Oleh Chandra Bagus Sulistyo
Penulis adalah Business Incubation & Stakeholder Management Departement Head – Division Business Program BNI dan penulis buku “Strategi Jitu Bank dan UMKM Mendorong Pertumbuhan Ekonomi Nasional (2023)”
KALANGAN dunia usaha industri kopi nasional menaruh asa yang cukup tinggi pada pemerintahan periode 2024-2029 untuk dapat mendorong Indonesia sebagai pengahasil kopi terbesar di dunia. Banyak harapan digantungkan industri kopi nasional dari para kandidat Calon Presiden (Capres) dan Calon Wakil Presiden (Cawapres) tersebut terutama keberpihakan pada perkebunan kopi rakyat di Tanah Air.
Perkebunan kopi rakyat adalah perkebunan kopi yang dimiliki dan dikelola oleh rakyat. Perkebunan kopi rakyat biasanya memiliki luas lahan yang tidak terlalu luas, maksimal 25 Ha serta pengolahan tanaman yang memiliki jumlah tanaman lebih dari batas minimum usaha (BMU). Perkebunan kopi rakyat tidak memiliki badan hukum. Produktivitas perkebunan kopi rakyat yang rendah disebabkan oleh manajemen pemeliharaan yang kurang baik, permodalan terbatas, serta rendahnya penggunaan penerapan teknologi.
Mengapa (Harus) Perkebunan Kopi Rakyat?
Data menyebutkan bahwa produktivitas kopi di Indonesia sebesar 686 ribu ton masih dikuasai oleh perkebunan rakyat sebesar 96,1%, kemudian diikuti 2,1% kebun kopi swasta, dan terakhir yang dikelola kebun kopi negara sebesar 1,8%. Hal ini menjadi fokus bagi pemerintah untuk terus bisa meningkatkan kesejahteraan Usaha Mikro Kecil dan Menengah/UMKM (petani) melalui peningkatan produktivitas dan kualitas biji kopi rakyat. Geliat industri kopi yang marak di seluruh penjuru nusantara, menjadi momentum yang tepat bagi pemerintah serta stakeholders terkait untuk dapat meningkatkan budidaya kopi rakyat karena penguasaan kebun yang sangat signifikan secara total perkebunan kopi nasional.

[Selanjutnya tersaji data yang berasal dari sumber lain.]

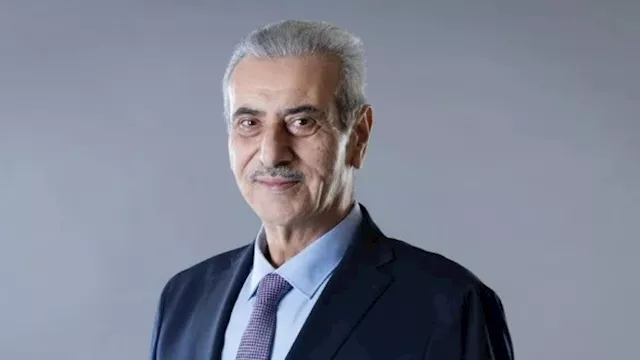 2026 1 16 17 21 24 143 1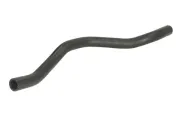 Kühlerschlauch Eingang THERMOTEC DNR061TT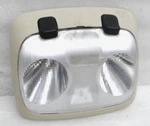 Ford Dome Light Dual Lens Crown Victoria Mustang Explorer 87-01 Oem. Fixed Price $31.99.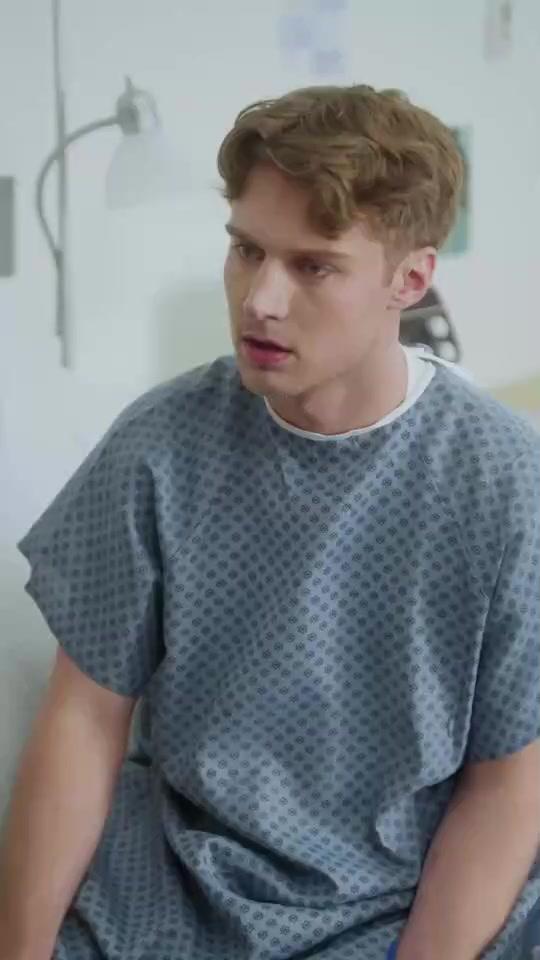 Sampai Kita Berjumpa Semula 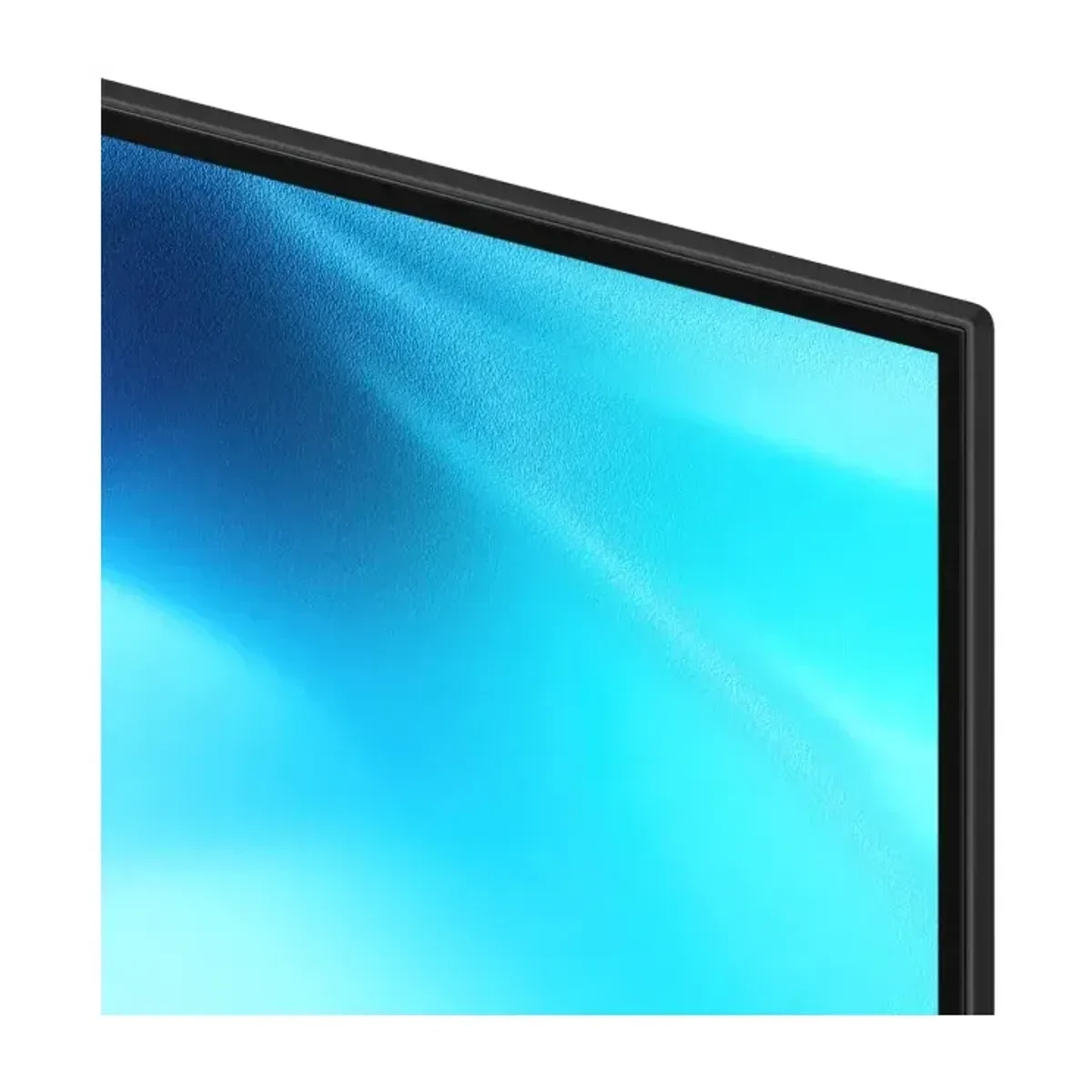 Samsung UE75U7000HUXPY 75" Crystal UHD U7000H televizor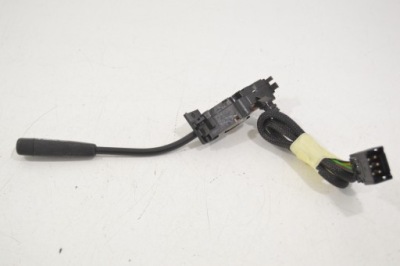 Важіль круїз-контроль перемикач mercedes r129 sl 1295403144 фото №1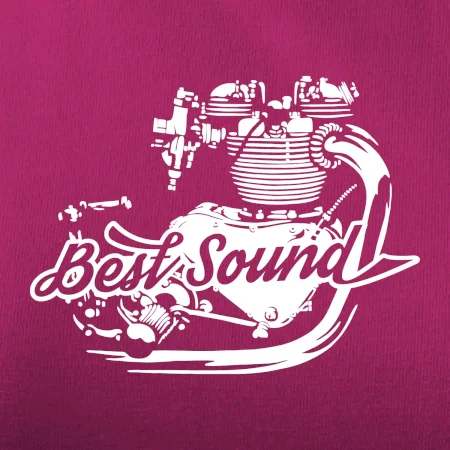 Moto Best Sound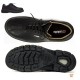 Chaussures de ville pour serveur Jallatte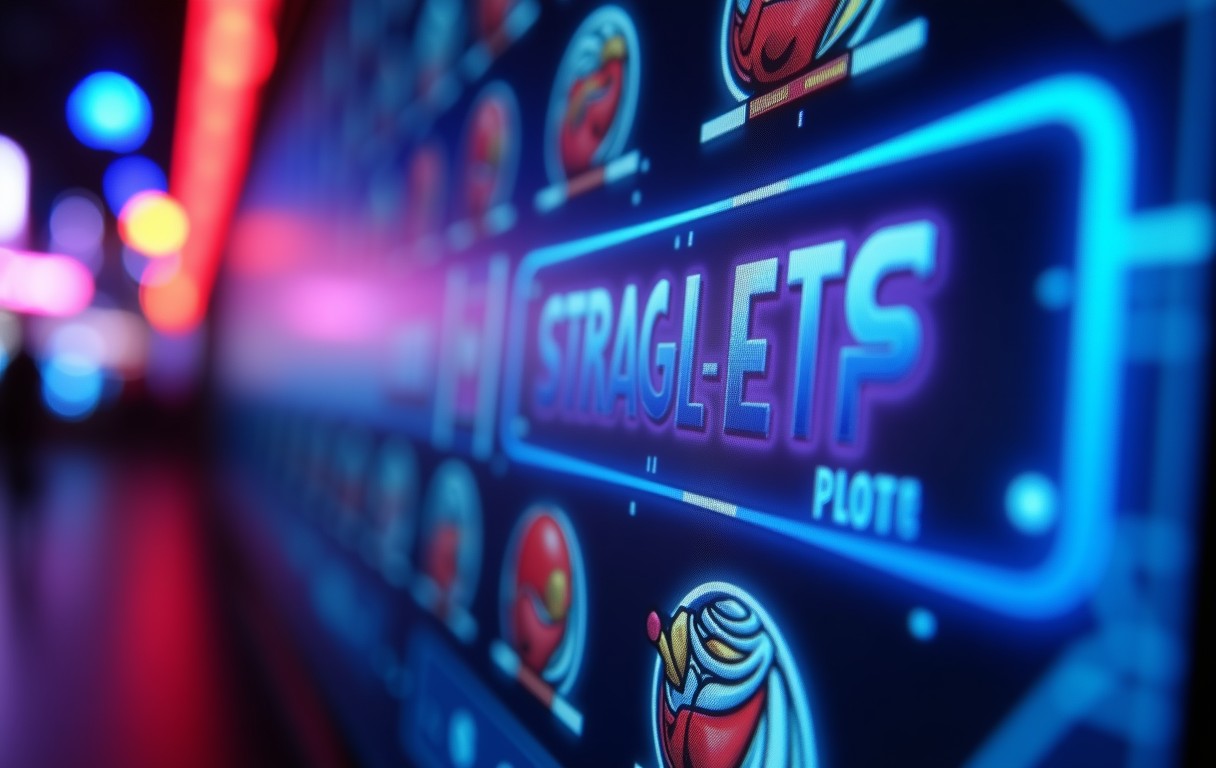 Strategies players use in mini-games — Exploiting Free Spins and Bonus Credits Strategies players use in mini-games — Exploiting Free Spins and Bonus Credits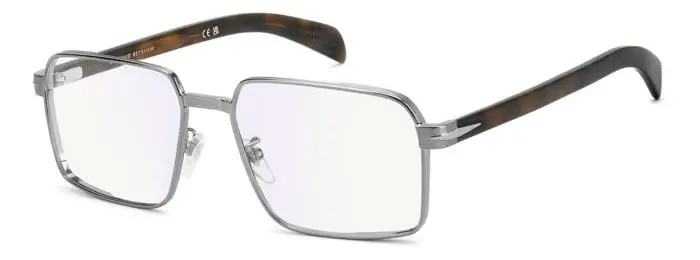 DAVID BECKHAM DB 7166 31Z Montature da vista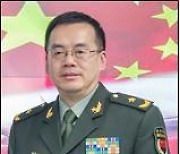 국방부, 중국 동부전구 해·공군과 직통전화 연결 추진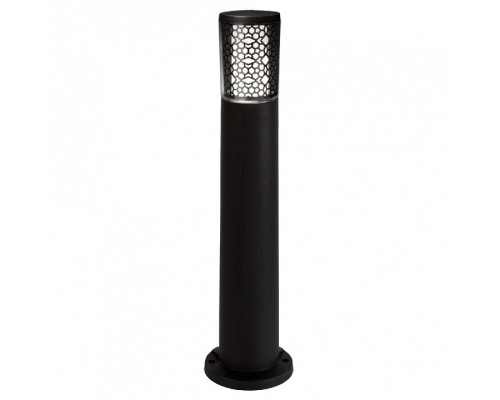 Наземный низкий светильник Fumagalli Carlo Deco DR3.575.000.AXU1L Наземный низкий светильник Fumagalli Carlo Deco DR3.575.000.AXU1L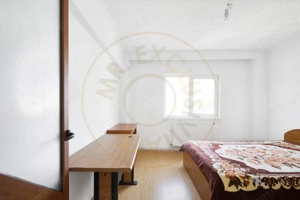 Oportunitate! Apartament 4 camere Gavana - imagine 5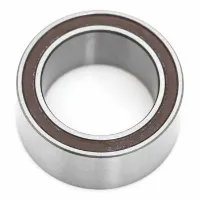 BLACK BEARING Max Max 2153114-2rs21 Pedallager BLACK BEARING Max Max 2153114-2rs21 Pedallager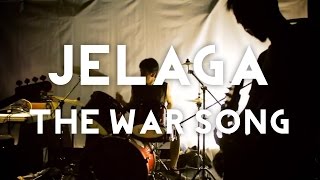 Download Lagu Jelaga - The War Song [Live at STUDIORAMA #1] MP3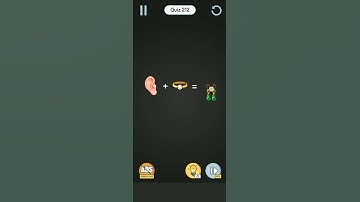 Brain up quiz 212 Walkthrough solution || Brain up level 212 gameplay walkthrough solution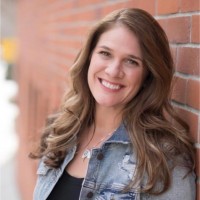 Jennifer Rimoldi
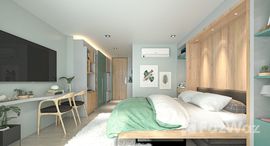 ยูนิตมือสองและให้เช่า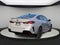 2026 BMW 2 Series 228 xDrive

Baca juga: Survei Terbaru: Mayoritas Mahasiswa Cenderung Menerima Uang Tapi Tak Mau Pilih Kandidat Caleg atau Capres
Menurut data International Coffee Organization menyebutkan bahwa penghasil kopi terbanyak saat ini masih dikuasai Brazil dengan volume 3,5 juta ton, diikuti Vietnam 1,8 juta ton, Kolombia 846 ribu ton, dan urutan keempat adalah Indonesia yang menghasilkan 686 ribu ton. Potensi kebutuhan bisnis kopi pasar domestik akan kian bertambah, diperkirakan konsumsi kopi tahun 2023 sebesar 1,97 ribu gram/kapita/tahun, dan 2025 akan meningkat menjadi 2,32 ribu gram/kapita/tahun. Dimana kebutuhan konsumsi domestik sebesar 41% dan untuk kebutuhan konsumsi ekspor sebesar 59%. Indonesia juga terus mendorong peningkatan produktivitas kopi guna memenuhi kenaikan permintaan tahun yang akan datang. Menurut estimasi, 2023 produksi kopi Indonesia sebesar 0,77 ton/ha dan terus meningkat produksinya 2025 sebesar 1,32 ton/ha.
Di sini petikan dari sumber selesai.